By the way, if you do visit, you need to be aware that Golden Gai has strict rules, and disrespecting them won’t end well for you. Photographing the area without permission isn’t allowed; most establishments only accept cash and charge for entrance, and drinking isn’t allowed outside bars. 

Due to the increasing number of tourists, some establishments have explicitly prohibited foreigners from visiting to preserve their long-standing Japanese clientele. Don’t try to force yourself in. If the place is not for you, then it’s not for you. There are plenty of bars that’ll serve you.
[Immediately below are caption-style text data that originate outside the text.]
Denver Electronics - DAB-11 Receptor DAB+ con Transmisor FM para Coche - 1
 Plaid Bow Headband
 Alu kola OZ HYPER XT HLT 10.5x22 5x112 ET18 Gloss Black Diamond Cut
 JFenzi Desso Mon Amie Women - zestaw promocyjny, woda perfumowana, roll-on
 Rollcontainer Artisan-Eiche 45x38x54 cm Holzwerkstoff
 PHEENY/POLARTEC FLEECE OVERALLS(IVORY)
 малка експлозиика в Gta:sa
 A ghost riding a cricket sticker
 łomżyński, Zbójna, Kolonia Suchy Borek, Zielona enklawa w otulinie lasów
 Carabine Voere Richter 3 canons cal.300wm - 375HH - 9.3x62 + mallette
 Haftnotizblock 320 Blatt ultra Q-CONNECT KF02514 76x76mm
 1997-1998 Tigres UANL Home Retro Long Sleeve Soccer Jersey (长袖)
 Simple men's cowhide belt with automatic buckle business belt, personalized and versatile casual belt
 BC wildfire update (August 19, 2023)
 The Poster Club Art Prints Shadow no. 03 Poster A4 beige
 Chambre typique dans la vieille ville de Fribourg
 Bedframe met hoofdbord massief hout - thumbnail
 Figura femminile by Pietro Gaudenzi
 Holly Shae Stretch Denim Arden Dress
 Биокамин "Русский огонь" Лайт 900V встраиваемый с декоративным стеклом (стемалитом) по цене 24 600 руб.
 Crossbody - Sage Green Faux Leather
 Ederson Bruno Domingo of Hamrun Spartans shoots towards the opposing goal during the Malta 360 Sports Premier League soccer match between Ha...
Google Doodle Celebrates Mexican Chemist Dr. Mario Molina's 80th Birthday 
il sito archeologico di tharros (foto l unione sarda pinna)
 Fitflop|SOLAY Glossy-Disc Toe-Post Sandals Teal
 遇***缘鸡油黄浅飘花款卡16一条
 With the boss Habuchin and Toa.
Here are some that have established themselves as the favorites and could give you… well, maybe not an authentic Midnight Diner experience, but have you understand where the author was coming from when writing the manga:

1. La Jetee

Most Golden Gai establishments are small, but La Jetee is tiny: it only sits 8 people. It’s also likely the most famous establishment in the district and a celebrity hot spot that has been visited by the likes of Quentin Tarantino and Johnny Depp over the years. The bar gets its name from French director Chris Marker’s movie and sticks to the cinematography theme in the decor. La Jetee has a great assortment of drinks and simple appetizers, and all visitors get the owner’s signature tofu appetizer as part of the cover charge.

2. Kenzo’s Bar

If your primary interest is meeting an establishment owner as interesting as The Midnight Diner’s Master, then Kenzo’s Bar would be your best bet. Kenzo, an occasional actor and screenwriter, greets the guests himself and is very welcoming towards tourists. Be aware, though, that his bar is more of a local hotspot. If you want to hang out with the locals, it’s a great place, but if you can’t handle being the only foreigner in the establishment, it may not be for you. Still, the reasonably priced alcohol, 80’s ambiance, and overall atmosphere are well worth taking a chance.

3. Bistro Pavo

If you’re prioritizing food over drinks, Bistro Pavo has one of the largest food selections among Golden Gai establishments. It’s primarily an eatery specializing in Japanese and European cuisine (and is particularly beloved for its risotto). Each plate of food costs only around ¥500. Bistro Pavo is often the harbor where exhausted Golden Gai visitors “dock” when tired from bar-hopping. A quiet place for comfort, small-talk, and reasonably priced alcohol.